Back-office data is increasingly moving beyond its core purposes and being used to support commercial front-office functions such as investment strategy and distribution by a substantial proportion of institutions, State Street has concluded from a piece of far-reaching research.
In a survey of 920 asset managers, asset owners, wealth managers, and insurers across North America, Europe, the UK, APAC, the Middle East, and Latin America, State Street found that nearly one-third (32%) of respondents are prioritising the use of back-office data to generate competitor intelligence and market insights.
Firms highly satisfied with their custodians are significantly more likely to leverage this data for front-office priorities (74% vs 65%).
Another data point showed that institutions are significantly more likely to have or be implementing a holistic data strategy across their front-, middle- and back-office-data operations than individually within those areas.
“The role of the custodian is evolving rapidly,” said Chris Rowland, head of custody, digital and fund services product for State Street. “As this research shows, clients are increasingly looking to their service providers not just for operational support, but for strategic insight.
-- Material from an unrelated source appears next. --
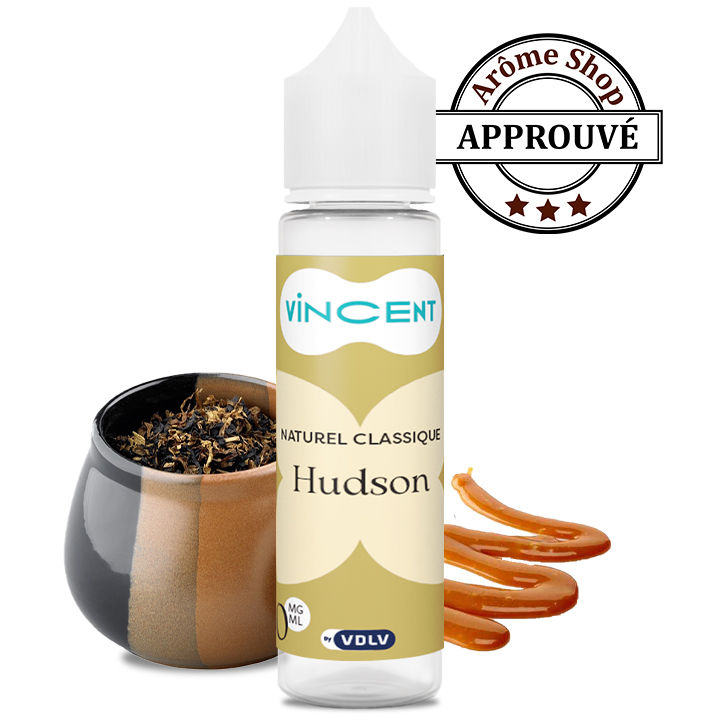 VDLV VINCENT E-LIQUIDE CLASSIC 💨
State Street and others who can harness back-office data to inform front-office decisions will be the partners of choice in the next phase of institutional innovation.”
A difference between the back- and front-office with regards to data was seen in their use of GenAI however.
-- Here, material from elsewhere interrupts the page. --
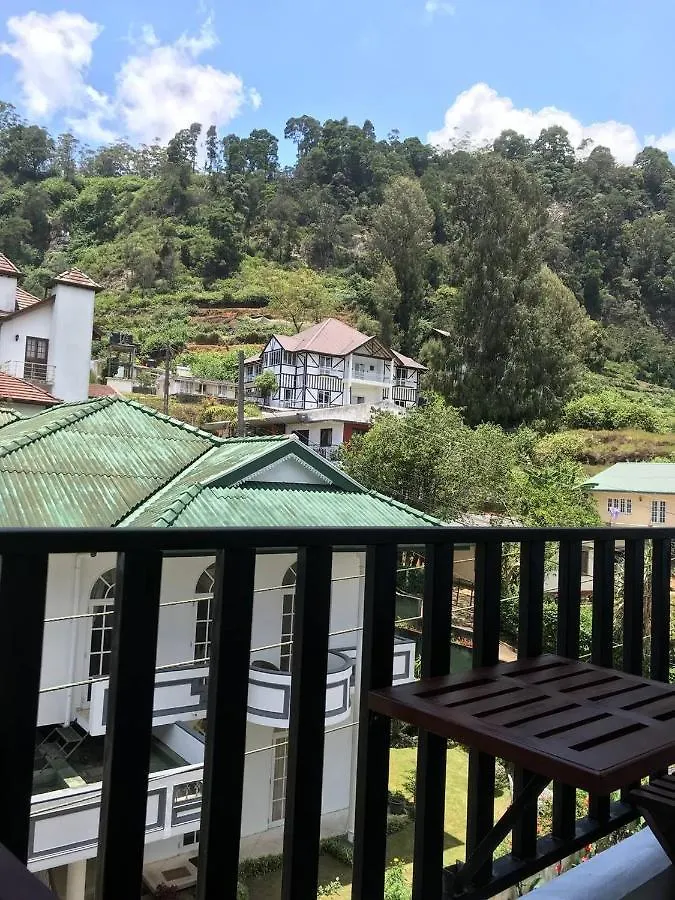 Akhera Cool Out Apartment Nuwara Eliya Sri Lanka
The research discovered that respondents were seeing less value in using GenAI for current back-office activities while expectations were also low for the future.
“Given that GenAl’s focus is on accelerating data use and analysis, and back-office activities are primarily data-related, we expected to see more excitement around GenAl for the back-office,” State Street said in its paper. “Surprisingly, this was not the case.”
Across back-office activities, only 20 to 30 percent reported that GenAl was currently adding value in specific activities. Compared to the front-office, there appeared to be few areas where GenAl stood out as already adding value.
One-third of respondents in EMEA and APAC foresee GenAl improving internal operations and vendor relationships, and one-third in the Americas identify benefits from delivering data and reporting to consumers.